According to a new report released by Drone Industry Insights (DRONEII), 35% of industry experts say that drone regulations remain the biggest hurdle for growth of drone operations.
The Drone Regulations Report 2020 finds Singapore, UAS and Poland are best prepared for drone operations, “due to improvements in operational scope of drone regulations and because of better integration of drones into their respective airspaces”.
Following some changes within the Drone Readiness Index (DRI), and the introduction of five new countries (Austria, New Zealand, Nigeria, Poland and South Korea) into the ranking, DRONEII identified new global drone regulatory leaders.

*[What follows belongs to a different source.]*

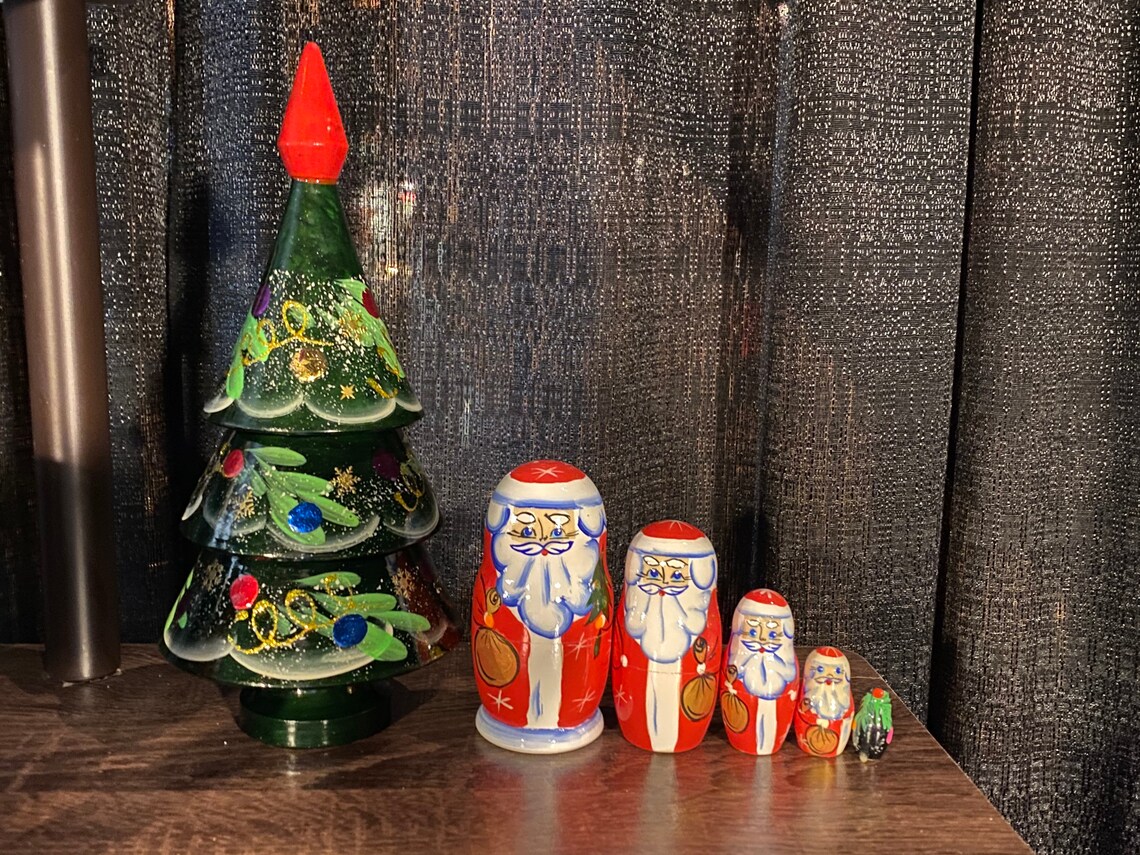 Russian Nesting Dolls Christmas Tree 6 pieces Beautiful Set Etsy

Singapore tops the ranking, having developed their operational scope significantly by making non-standard operations (beyond the visual line of sight – BVLOS, in controlled airspace, etc.) possible through standard Specific Operations Risk Assessment (SORA) methodology. Meanwhile, Poland – a new addition to the ranking – has come second in the DRI, largely due to their increased airspace integration efforts and stakeholder involvement in those. Finally, the UAE has come in third thanks to the significant advantages they present within administrative infrastructure, more specifically the prominence of e-governance.
EU-states must implement new drone laws enabling drone operations in “open” category. BVLOS flights will be accepted using standard operation scenarios.
Among other findings, the report says regulators are improving standards to bridge gap between UAV-industry and aviation authorities. International standards are being developed through organizations like ISO and EUROCAE.
Drone rules and regulations are immensely difficult to implement successfully without standards. These involve standards on drone platform manufacturing, as well as standards vis-à-vis drone operations. The role of standards is largely to fill a gap between the industry powering ahead with new technology and the aviation authorities looking to keep drone operations safe and their integration into the airspace smooth. Which standards are currently being developed, by whom and for what aim is further described in the Drone Regulation Report 2020.
New UTM initiatives have been launched in at least 12 countries with public-private partnership. Future traffic communications system needed to avoid collisions with more platforms entering the airspace.